Togo : Sylvanus Olympio, le 27 avril 1960
« Depuis quelque temps déjà l’idée de l’unité africaine a fait du chemin […], mais il semble que, pour ce problème d’actualité brûlante, l’accent ait été trop souvent mis plus sur l’unité politique que sur l’unité économique. […] Je suis, pour ma part, persuadé que c’est par la coopération économique que nous pourrons dès à présent contribuer, dans une grande mesure, au bien-être des habitants de l’Afrique-Occidentale qui nous concerne directement. »
Madagascar : Philibert Tsiranana, le 26 juin 1960
« Notre État libre et indépendant, conscient de ses responsabilités, conscient aussi de sa vitalité et de ses virtualités, se range aujourd’hui, librement en toute connaissance de cause aux côtés des autres États libres dans la Communauté, pour le meilleur comme pour le pire, et pour le progrès de la civilisation. »
RDC : Patrice Emery Lumumba, le 30 juin 1960
« Cette indépendance du Congo, nul Congolais digne de ce nom ne pourra jamais oublier que c’est par la lutte qu’elle a été conquise, une lutte de tous les jours, une lutte ardente et idéaliste, une lutte dans laquelle nous n’avons ménagé ni nos forces, ni nos privations, ni nos souffrances, ni notre sang. Cette lutte, qui fut de larmes, de feu et de sang, nous en sommes fiers jusqu’au plus profond de nous-mêmes, car ce fut une lutte noble et juste, une lutte indispensable, pour mettre fin à l’humiliant esclavage qui nous était imposé par la force. »
Bénin : Hubert Maga, le 1er août 1960
« C’est pour nous un jour d’allégresse, jour qui consacre l’union de tous les enfants de ce pays pour la paix et la fraternité, jour qui marquera un nouveau pas en avant de l’Afrique vers un avenir meilleur. »
Niger : Hamani Diori, le 3 août 1960
« Je veux dire ici combien les responsables des quatre États de l’Entente [Côte d’Ivoire, Dahomey, Haute-Volta, Niger] ont œuvré ensemble ; dans le sens d’une évolution commune ; en vue d’un but commun aujourd’hui atteint. […] Notre chance fut de trouver en la personne du Président Félix Houphouët-Boigny cette noblesse de caractère, ce bon sens du terroir, cette sage bonhomie, en un mot toutes les qualités qui font du Père de l’Entente le véritable artisan de notre sûre et pacifique ascension. »
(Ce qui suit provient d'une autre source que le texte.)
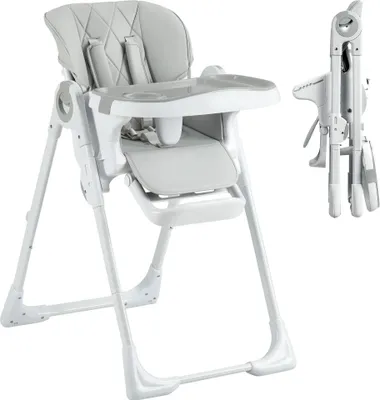 Image de Chaise haute pour enfant - Chaise haute pliable - Convertible 2 en 1 - Réglable en hauteur et inclinable - Avec plateau et coussin d'assise - Gris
Haute-Volta (Burkina Faso) : Maurice Yaméogo, le 5 août 1960
« À la France, au général de Gaulle, dont le courage et la magnifique lucidité lui valent l’immortalité devant l’Histoire, à toutes les nations qui nous assistent, au clergé qui fournit à ce pays sa première élite avec les moyens du bord, aux professeurs français, qui, patiemment, ont façonné les responsables de ce pays, à nos chefs traditionnels qui ont su sauvegarder l’intégrité de notre État contre les atteintes de l’extérieur, aux anciens combattants et anciens militaires, toujours fidèles à l’honneur, à tous nos parlementaires, aux militants politiques de tous les échelons, aux vaillants combattants qui sont morts pour le triomphe de notre liberté, j’adresse, au nom du gouvernement, l’hommage de ma profonde gratitude. »
Côte d’Ivoire : Félix Houphouët-Boigny, le 7 août 1960
« Voici arrivée, pour Toi, ô mon pays, mon Pays bien-aimé, l’heure tant attendue où ton destin t’appartient entièrement. Peuple de mon pays, laisse éclater ta joie, tu mérites cette joie. Tu as souffert plus que tout autre, en patience, mais ta souffrance n’a pas été vaine. Tu as lutté, mais pas inutilement, puisque la victoire, tu la connais aujourd’hui. Le besoin de dignité que tu portais en toi, le voilà enfin satisfait. »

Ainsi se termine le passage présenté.